NEW minister of finance Iipumbu Shiimi will this year be remembered as the first finance minister to have government debts of more than N$100 billion under his watch.
The N$72,8-billion budget tabled by Shiimi yesterday is the biggest in Namibian history, and comes at a time when the government's sources of revenue are set to significantly decrease. With the government's income during the 2020/21 financial year projected at N$51,4 billion, the budget shortfall will amount to a record N$21,4 billion.
The times are scary, and the impact of Covid-19 has put many countries in a very difficult position. Those which had accumulated buffers have received blows, but not as fatal as those which had not built up reserves.
Presenting the budget in the National Assembly, Shiimi said he was presenting it during one of the most challenging times in the global, regional and domestic economy.
Although times are tough, he assured that the government is on a saving mission this year.
"[This] budget aims to achieve four main goals: to save lives, save livelihoods, save jobs and incomes, and to place Namibia in a stronger position to thrive in the foreseeable future," he said.
The government's revenue from personal income tax and indirect taxes are set to decrease by more than 20%, pushing the treasury to either borrow more and further enslave future generations with more debt, or tap from savings.
Shiimi however said this year's budget is a "single-year" one, and will be financed through a combination of own savings and domestic and external borrowing, which will see government debt reaching N$117,5 billion, or 68,7% of gross domestic product (GDP).
The government's revenue outturn is expected to be N$51,4 billion - against total spending of N$72,8 billion, made up of N$57,9 billion in operational expenses, a development budget of about N$6,4 billion, and some N$8,4 billion to service the country's increasing national debt.
The minister said the Namibian economy is projected to contract by 6,6% in real terms this year, before returning to growth of 1,1% in 2021, and growth of between 2% and 3,6% in 2022.
He said this is mainly because net consumption and investments are expected to decline this year, and so will the final consumption of goods and services.
Should this materialise, government revenue will drop by at least N$8,3 billion, or 14,3% below the previous estimates for this year, reflecting the impact of the Covid-19 pandemic on various revenue streams.
This will leave a record budget deficit of 12,5% of GDP, which Shiimi said would be "a once-off rise, as government seeks to adequately respond to the challenges posed by Covid-19".
The social sector will account for the largest share of expenditure, at N$31,1 billion.
Leading this pack is the Ministry of Education, Arts and Culture, which will receive N$14,2 billion, followed by the Ministry of Health and Social Services at N$7,95 billion, and the Ministry of Gender Equality and Child Welfare with a budget allocation of N$5,3 billion.
The Ministry of Higher Education, Training and Innovation is expected to receive N$3,3 billion, to be split among the University of Namibia (N$900,2 million), the Namibia University of Science and Technology (N$503,9 million) and the Namibia Students Financial Assistance Fund (N$1,5 billion, including a guarantee-backed loan facility of N$238 million).
This social net is expected to take up almost half the budget.
The economic sector will be allocated N$14,2 billion, while public safety is to receive N$13,1 billion.
The Ministry of Defence and the Ministry of Finance are the kings of these sectors combined, with each set to be allocated N$6,2 billion.
The Ministry of Home Affairs, Immigration, Safety and Security will receive N$5,95 billion, while the Ministry of Works and Transport and the Ministry of Agriculture, Water and Forestry will receive a combined amount of N$3,7 billion.
The Ministry of Industrialisation and Trade is allocated N$174,8 million, the judiciary N$375,7 million, and the Ministry of Justice N$480,7 million.
The Anti-Corruption Commission is to receive N$61,6 million from the budget.
Tailing the allocations is the administrative sector, which will collect a combined N$4,5 billion.

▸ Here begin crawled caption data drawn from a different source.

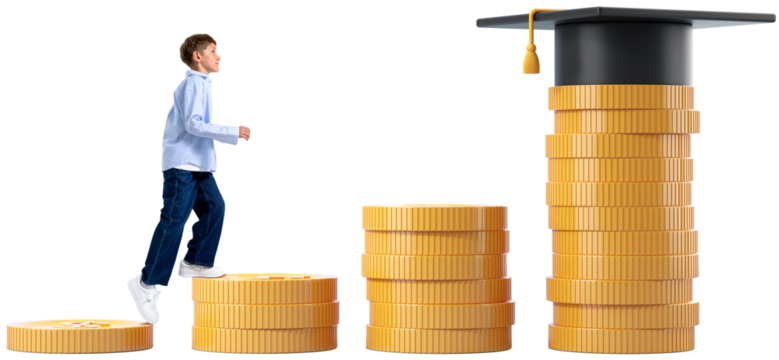 A boy walks upward on stacked coins towards a graduation cap, symbolizing the rising cost of education, isolated on a white transparent background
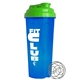 a lime green lid & traslucent blue cup 24 oz endurance shaker tumbler with drink thru lid and whisk ball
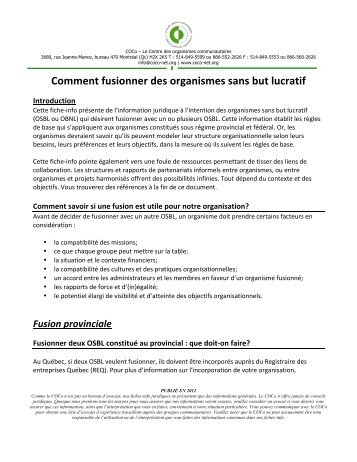 Comment fusionner des organismes sans but lucratif - COCo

The Ministry of Urban and Rural Development is allocated N$1,7 billion, the Ministry of International Relations and Cooperation N$1 billion and a combined N$232 million is allocated to the National Assembly and the National Council.
Shiimi said given the challenging economic landscape, now is not the time to introduce new taxes.
He however said alcohol and tobacco use would become more expensive, with 'sin taxes' on wine and spirits to be hiked.
The minister said a packet of 20 cigarettes will cost an extra 74 cents, cigars will cost an extra N$6,73 per 23 grammes, and beer or cider will cost an extra eight cents per 340 millilitres.
Shiimi said the transitional arrangements for the establishment of the long-awaited Namibia Revenue Agency will begin this financial year.